Give the data again in full. Keep every line the same.

[Data for review Boundary: Start]

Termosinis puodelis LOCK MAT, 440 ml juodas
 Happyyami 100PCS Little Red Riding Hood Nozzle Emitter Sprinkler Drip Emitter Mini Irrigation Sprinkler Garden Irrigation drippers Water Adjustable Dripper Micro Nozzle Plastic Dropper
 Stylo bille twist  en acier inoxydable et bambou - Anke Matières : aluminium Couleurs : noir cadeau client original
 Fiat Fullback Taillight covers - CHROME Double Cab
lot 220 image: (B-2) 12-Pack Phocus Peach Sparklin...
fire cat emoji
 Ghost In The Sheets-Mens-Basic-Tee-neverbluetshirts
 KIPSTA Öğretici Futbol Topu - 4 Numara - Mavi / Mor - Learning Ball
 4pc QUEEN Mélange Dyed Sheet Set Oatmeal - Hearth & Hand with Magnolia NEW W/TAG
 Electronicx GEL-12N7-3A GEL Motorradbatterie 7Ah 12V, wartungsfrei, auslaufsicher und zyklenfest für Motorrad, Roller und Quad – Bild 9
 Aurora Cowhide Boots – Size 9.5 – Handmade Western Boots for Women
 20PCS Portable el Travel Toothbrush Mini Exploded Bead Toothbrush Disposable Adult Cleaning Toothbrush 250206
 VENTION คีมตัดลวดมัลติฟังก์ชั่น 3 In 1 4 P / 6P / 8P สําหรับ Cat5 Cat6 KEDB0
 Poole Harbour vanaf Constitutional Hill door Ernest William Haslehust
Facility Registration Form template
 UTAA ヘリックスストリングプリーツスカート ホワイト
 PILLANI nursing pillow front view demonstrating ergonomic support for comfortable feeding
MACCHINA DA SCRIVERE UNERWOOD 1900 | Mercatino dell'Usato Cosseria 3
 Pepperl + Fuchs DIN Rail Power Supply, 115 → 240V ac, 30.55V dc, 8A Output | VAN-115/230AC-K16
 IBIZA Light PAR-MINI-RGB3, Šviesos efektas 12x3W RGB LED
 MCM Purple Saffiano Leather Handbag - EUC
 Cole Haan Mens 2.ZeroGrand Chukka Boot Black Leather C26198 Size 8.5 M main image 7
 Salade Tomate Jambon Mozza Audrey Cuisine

[Data for review Boundary: End]

• _Reply_
Termosinis puodelis LOCK MAT, 440 ml juodas
 Happyyami 100PCS Little Red Riding Hood Nozzle Emitter Sprinkler Drip Emitter Mini Irrigation Sprinkler Garden Irrigation drippers Water Adjustable Dripper Micro Nozzle Plastic Dropper
 Stylo bille twist  en acier inoxydable et bambou - Anke Matières : aluminium Couleurs : noir cadeau client original
 Fiat Fullback Taillight covers - CHROME Double Cab
lot 220 image: (B-2) 12-Pack Phocus Peach Sparklin...
fire cat emoji
 Ghost In The Sheets-Mens-Basic-Tee-neverbluetshirts
 KIPSTA Öğretici Futbol Topu - 4 Numara - Mavi / Mor - Learning Ball
 4pc QUEEN Mélange Dyed Sheet Set Oatmeal - Hearth & Hand with Magnolia NEW W/TAG
 Electronicx GEL-12N7-3A GEL Motorradbatterie 7Ah 12V, wartungsfrei, auslaufsicher und zyklenfest für Motorrad, Roller und Quad – Bild 9
 Aurora Cowhide Boots – Size 9.5 – Handmade Western Boots for Women
 20PCS Portable el Travel Toothbrush Mini Exploded Bead Toothbrush Disposable Adult Cleaning Toothbrush 250206
 VENTION คีมตัดลวดมัลติฟังก์ชั่น 3 In 1 4 P / 6P / 8P สําหรับ Cat5 Cat6 KEDB0
 Poole Harbour vanaf Constitutional Hill door Ernest William Haslehust
Facility Registration Form template
 UTAA ヘリックスストリングプリーツスカート ホワイト
 PILLANI nursing pillow front view demonstrating ergonomic support for comfortable feeding
MACCHINA DA SCRIVERE UNERWOOD 1900 | Mercatino dell'Usato Cosseria 3
 Pepperl + Fuchs DIN Rail Power Supply, 115 → 240V ac, 30.55V dc, 8A Output | VAN-115/230AC-K16
 IBIZA Light PAR-MINI-RGB3, Šviesos efektas 12x3W RGB LED
 MCM Purple Saffiano Leather Handbag - EUC
 Cole Haan Mens 2.ZeroGrand Chukka Boot Black Leather C26198 Size 8.5 M main image 7
 Salade Tomate Jambon Mozza Audrey Cuisine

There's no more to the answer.